Эдмондо запустил в стенку шляпой, склонившись в глубоком – но и глубоко-насмешливом – поклоне. Затем отстегнул золотую пряжку, и роскошный темно-вишневый плащ сам соскользнул к его ногам. После этого, не сводя глаз с Констанции, аккуратно снял шпагу, бережно поднес ее к губам и повесил за кожаную перевязь на спинку стула.
– Что молчишь, рыбонька? Гангстер ближнего боя пришел, и не страшно? А знаешь ли, что я сейчас тебя проколю?
Всего лишь мгновение видел он Констанцию прежде, явившуюся ему среди шумного зала. Теперь он алчно ее разглядывал.

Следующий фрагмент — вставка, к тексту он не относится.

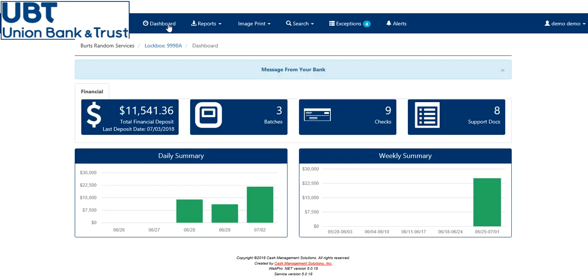I hope this video tutorial will help you out with one step and easy step instructions. We are proud to introduce you to the new lockbox web portal. For further help, please contact your UBT lockbox staff. Thank you.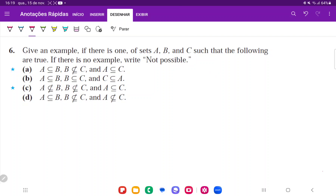For 6A, we want to have that A is contained in B, A is contained in C, but B is not contained in C. So we're going to say A is going to be the set containing 1, and B is going to be the set containing 1 and 2.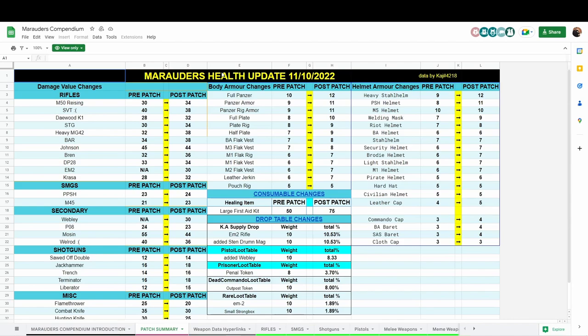In addition to all this, the large first aid kit was increased from 50 HP to 75, so that's significant. Pretty much from 0 HP, if you're at 1, you're going to 76 instantly in 5 seconds. Really big buff.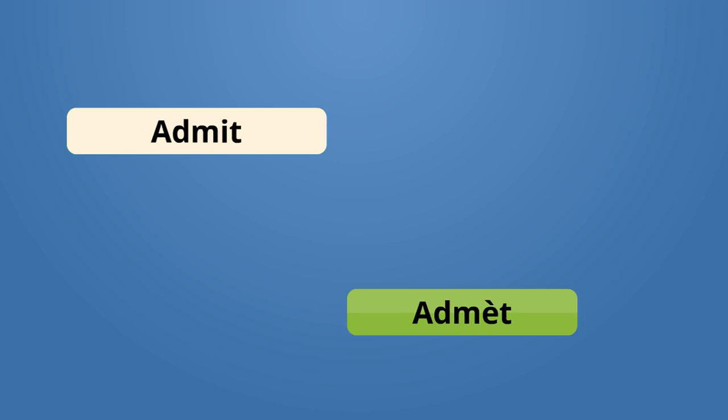Admit, admet, admit. I admitted, mwen admet le. Adopt, adopte. I adopted one kid. Mwen te adopte yon simon.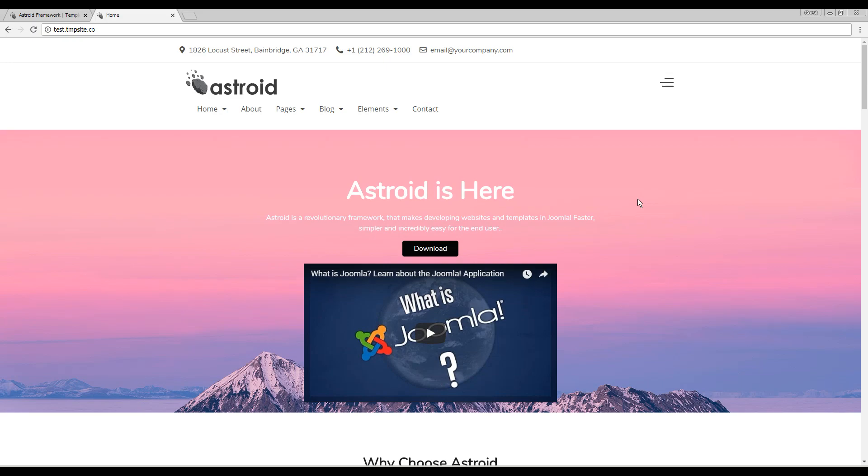Hello and welcome to our video. In this video we'll be looking at configuring and enabling the back to top button in your RESTROID framework template.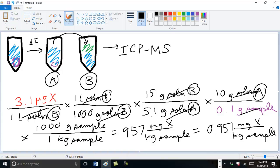And that's how you calculate the bioaccessible concentration from ICP-MS data.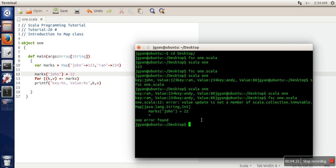It's showing an error. In the next video, we'll see the mutable Map. Thank you very much for watching.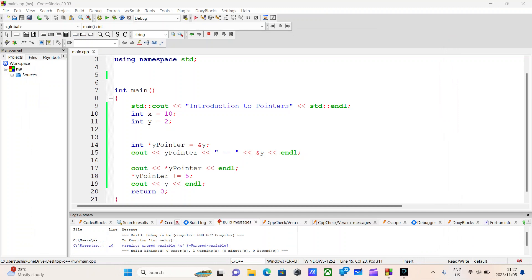Now you may be asking: why even use pointers? Why not just use the values of x and y? This is a brief video giving you a brief understanding of pointers. When you begin learning more advanced concepts such as data structures, linked lists, the linked list implementation of stacks and queues, the true value of pointers will surface — especially when you start working with dynamic memory allocation and deallocation. This video was simple and straightforward. If it helped you, don't forget to like the video.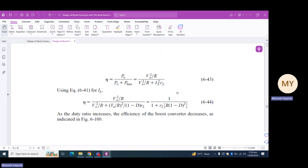In the next lecture we will start the buck-boost converter. Till then, take care. Allah Hafiz.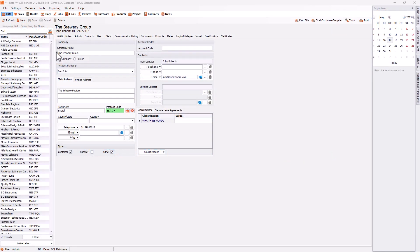Hello and welcome to this video on creating contracts and plan visits. This video will show you how to create a contract and create reoccurring plan visits.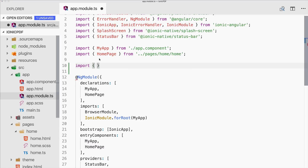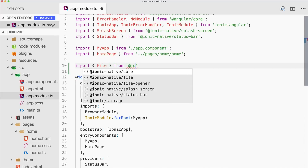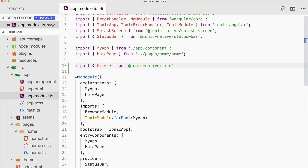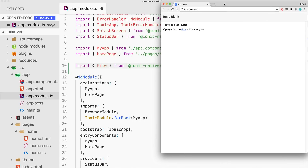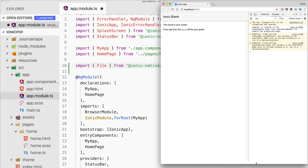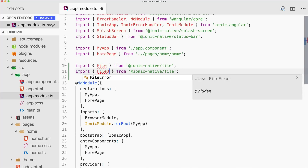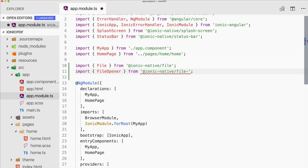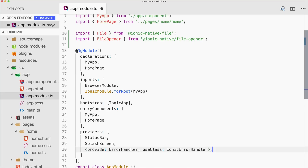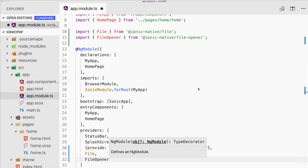Let's continue by importing both Ionic Native packages. We import File from ionic-native/file and FileOpener from ionic-native/file-opener. We'll need to test this on a device later, but for now let's add both File and FileOpener to the providers array.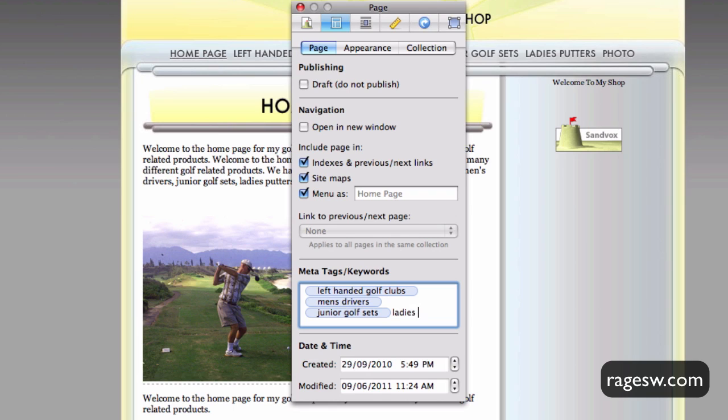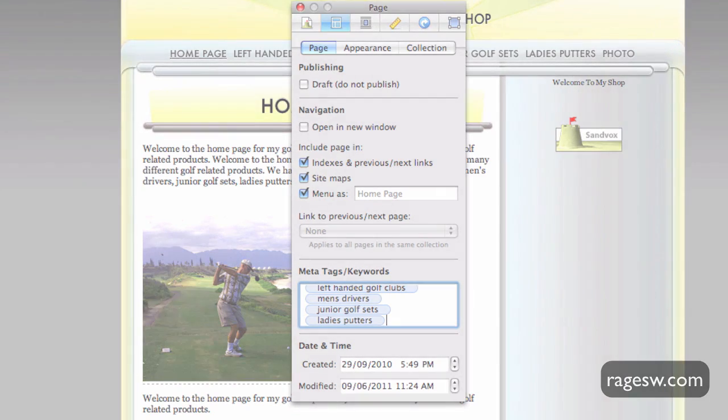Just like everything else on your site, make sure that you are not keyword stuffing by placing an endless amount of keywords and phrases in the text box. It is also a good idea to make these key terms unique across all pages of your site.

Лицо Психеи, трепещущие крылышки носа – тонкого, с благородной горбинкой. Алые, чуть приоткрывшиеся губки, с которых, казалось, вот-вот слетит недоуменное pourquoi? Шейка без преувеличения белее воротника, теперь небось украшавшего немытую выю антрепренера Бараббаса. Ясный лоб, за которым не гнездилось ни одной грязной мысли, обрамляли локоны, широкою волной в этот час ниспадавшие на плечи и грудь. И огромные глаза… под удивленно вскинутыми бровями. Они выражали готовность простить ошибившегося дверью, они просто не допускали иного.
Их взоры скрестились без всякого звона. Был бы Эдмондо просто давно не до́енным солдатом, нравственный мир Констанции не имел бы никакого значения: кто-то там ахнуть не успел, как на него медведь насел (и медведю решительно не важно, кто). Но Эдмондо шел к не́й – ее́ бесчестить. На ее лице непонимание? Он грубо попрал приличие, чтоб «поняла». Теперь долго строить дурочку уже не удастся.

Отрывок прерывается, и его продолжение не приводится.